Die neuen machtzentren im san siro
Nach der radikalen Entlassung des bisherigen Führungspersonals setzt Cardinale auf ein enges Vertrauten-Netzwerk. Angeführt wird dieses Quartett von niemand anderem als Zlatan Ibrahimović, dessen Erfahrung und unbändige Siegeswillen für den Verein von unschätzbarem Wert sind. Ibra, der als Berater fungiert, drückt dem Verein seine unbändige Leidenschaft ein und scheint Cardinales Vision voll und ganz zu unterstützen.
Neben Ibrahimović spielen Francesca Montini, die für die Kommunikation zuständig ist, und Massimo Calvelli, ein erfahrener Manager, der bereits bei der ATP tätig war, eine Schlüsselrolle. Calvelli, dessen Expertise in wirtschaftlichen und Marketingfragen besonders geschätzt wird, wird auch in die Planung des neuen Stadions eingebunden sein. Er ist ein wichtiger Anker für Cardinale, auch wenn er nicht automatisch zum neuen CEO aufsteigen wird.

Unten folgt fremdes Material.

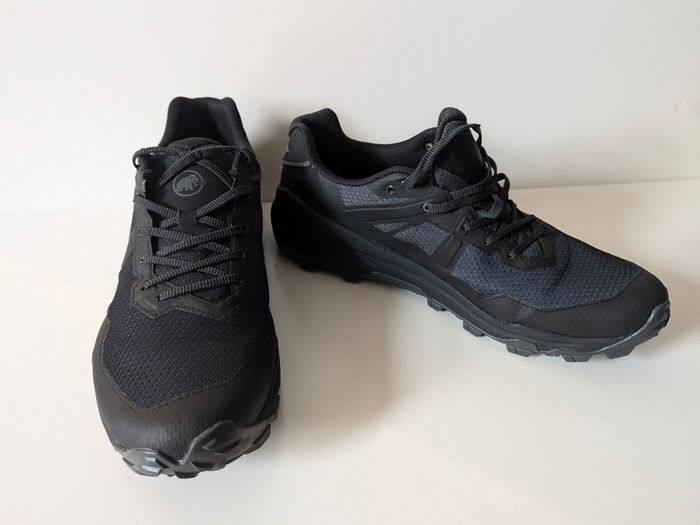 Mammut hiking shoes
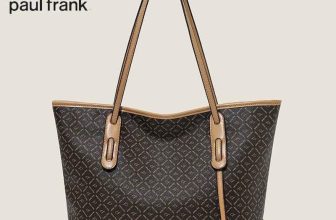 [🆕🇻🇳] Shop Bin&Bon Made in Việt Nam, Cambodia 😎❤️️⭐️ Túi bigsz P.aul frank sale gì mà rẻ thế.
Ko sale 800k
Đang seo còn #340xu
Kt: 32 x 18 x 24cm
Lại vẫn phải nhắn các chị ưng là chốt sớm luôn hộ e nha k , shares-0✔️ , likes-4❤️️ , date-2023-01-22 02:00:47🇻🇳🇻🇳🇻🇳📰🆕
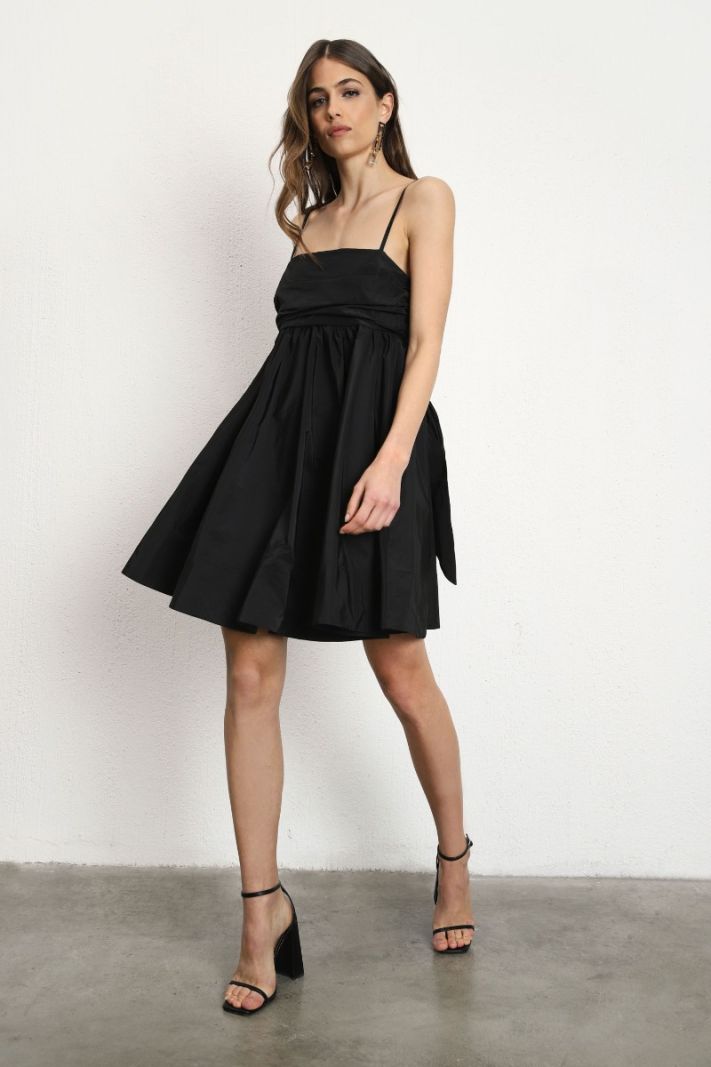 Trumpa taftos suknelė su kaspinu, juodos spalvos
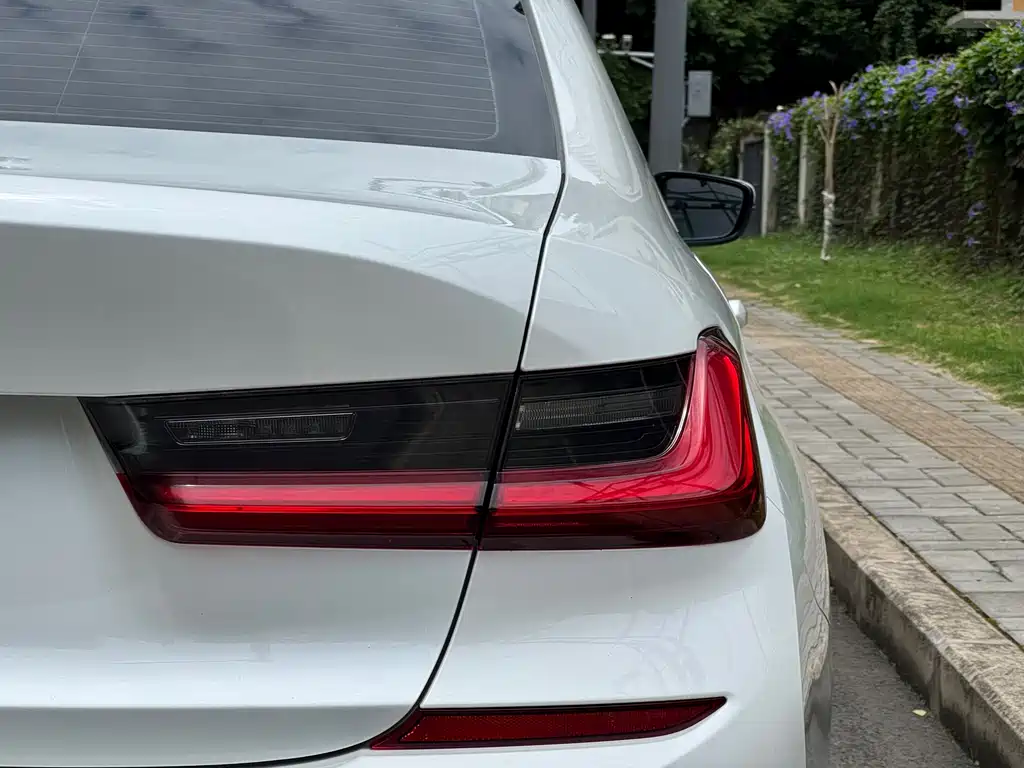 BMW 3 Series 2019 — фото 12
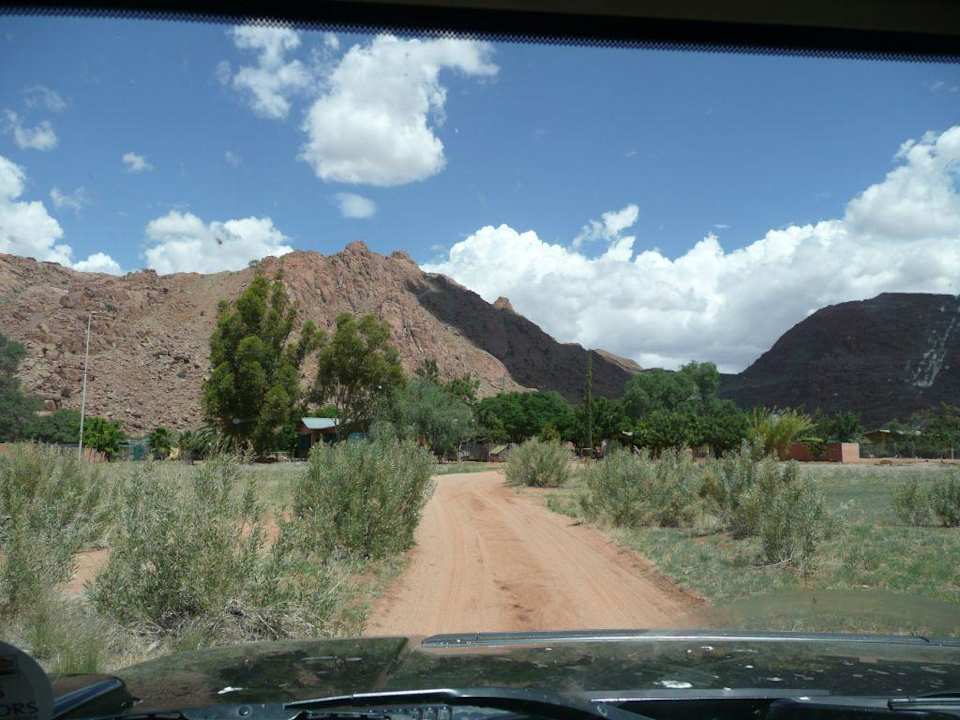 Zufahrt zur Ranch Koiimasis Ranch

Doch es gibt auch Überraschungen: Präsident Paolo Scaroni bleibt an Bord und wird sich vor allem um das umstrittene Stadionprojekt kümmern. Die bürokratischen Hürden und juristischen Auseinandersetzungen der Vergangenheit sollen nun endgültig beseitigt werden. Cardinale scheint fest entschlossen, das Stadionprojekt voranzutreiben, da er darin eine entscheidende Einnahmequelle für den Verein sieht – eine Einnahmequelle, die es dem Milan ermöglichen soll, mit den Top-Klubs der Premier League gleichzuziehen.
Die lange angestrebte Modernisierung des Mailänder Fußballs ist also in vollem Gange. Cardinale hat erkannt, dass der Milan in der Vergangenheit an politischer Schwäche gelitten hat. Der Versuch, Adriano Galliani zurückzuholen, scheiterte jedoch, da er als Symbol für eine vergangene Ära wahrgenommen wurde. Stattdessen setzt Cardinale auf eine neue Generation von Führungskräften, die den Verein in eine erfolgreiche Zukunft führen sollen.
Die Erwartungen sind hoch, und Cardinale scheint sich der Herausforderung bewusst zu sein. Er weiß, dass der Gewinn eines Titels allein nicht ausreicht. Er strebt nach Nachhaltigkeit, spektakulärem Fußball und kontinuierlichem Erfolg auf höchstem Niveau – sowohl in Italien als auch in Europa. Vier Jahre sind eine angemessene Zeitspanne, um zu beurteilen, ob Cardinales Plan aufgeht. Doch eines ist klar: Der AC Milan befindet sich in einer entscheidenden Phase seiner Geschichte.
Die Fans dürfen gespannt sein, ob Cardinale seine Versprechen einlösen kann und den Mailänder Verein zu neuer Größe führt. Die Zeichen stehen jedenfalls auf Veränderung – und das könnte genau das sein, was der AC Milan jetzt braucht.